Last week, I got an overnight package.
“Sign here,” said the FedEx delivery guy, and handed me a package. I hadn’t ordered anything — what could this be?
A single, solitary jar of Frisch’s Tartar Sauce.
Some things are just that important.
March 3 is National Tartar Sauce Day (the inaugural, I hear) and Frisch’s asked me to share with you a recipe involving Frisch’s Tartar Sauce. I wanted to do something that was beyond just “tartar sauce on top of x” (which is good, mind you). So I got to thinking: Frisch’s tartar sauce is the quintessential topping for a fried fish sandwich. Lent is coming up. Why not crab cakes, which can be bound with mayonnaise — the key ingredient to tartar sauce? Well, there we go.

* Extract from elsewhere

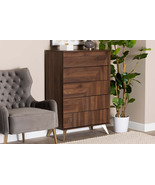Raisa Walnut Brown 5-Drawer Storage Chest - €310,33 EUR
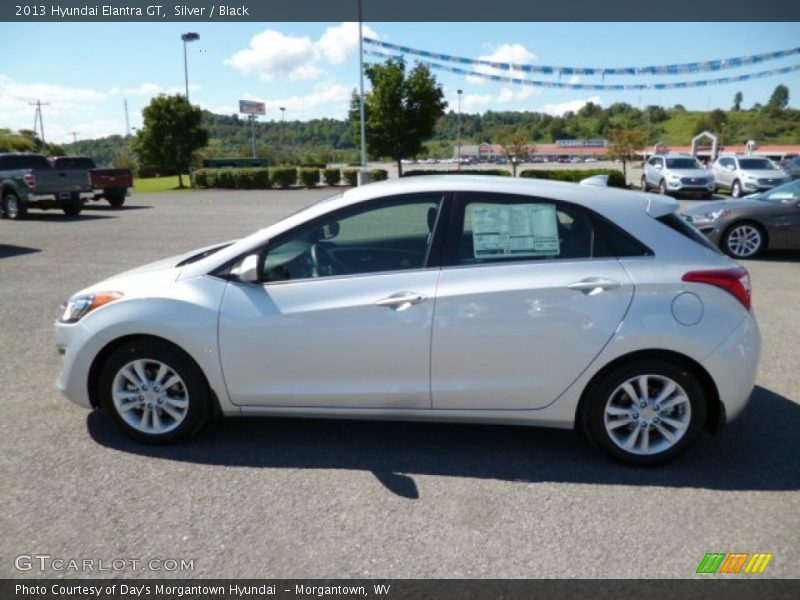 Silver / Black 2013 Hyundai Elantra GT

Crab cakes are super easy to make: I don’t like them heavy with breading, so just a small amount of breadcrumbs, along with tartar sauce, hold together the crab well. Form them into patties, chill, and fry up to serve with salad or a sandwich — a very easy Lenten meal (or any day of the week, really).
A classic accompaniment to crab cakes is remoulade, a variation on mayonnaise (yet again). Frisch’s tartar sauce already has one key ingredient: sweet pickles, so I played around with some smoked paprika, a little extra whole-grain mustard, and some capers to create a quick and easy Louisiana-style remoulade. Serve on the side or on a toasted bun.
Enjoy this inaugural National Tartar Sauce Day, or Lent, or just enjoy a crabcake any day!
- For the crab cakes:
- 1 pound lump crabmeat
- 2 tablespoons plain breadcrumbs
- 3 tablespoons Frisch's Tartar Sauce
- 2 teaspoons Old Bay seasoning
- 1 tablespoon Dijon mustard
- 1 egg, beaten
- 1 tablespoon oil for frying (or more, as needed)
- Remoulade Sauce
- 1 cup Frisch's Tartar Sauce
- 1 tablespoon capers, chopped
- 1 tablespoon smoked paprika
- ½ tablespoon dry mustard
- Hot sauce to taste (Crystal is a Louisiana standard; use your favorite)
- 1 clove garlic, minced
- In a bowl, mix all of these ingredients together and form into four patties. Heat oil in a large saute pan until hot, then fry until browned (3-4 minutes). Flip, and cook on the other side until browned. Serve as part of a sandwich or on top of greens with remoulade.
- Mix all ingredients in a small bowl until well combined. Serve as a topping for crab cakes.
Frisch’s generously sponsored this post, but trust me, as a Cincinnatian I love Frisch’s anyway.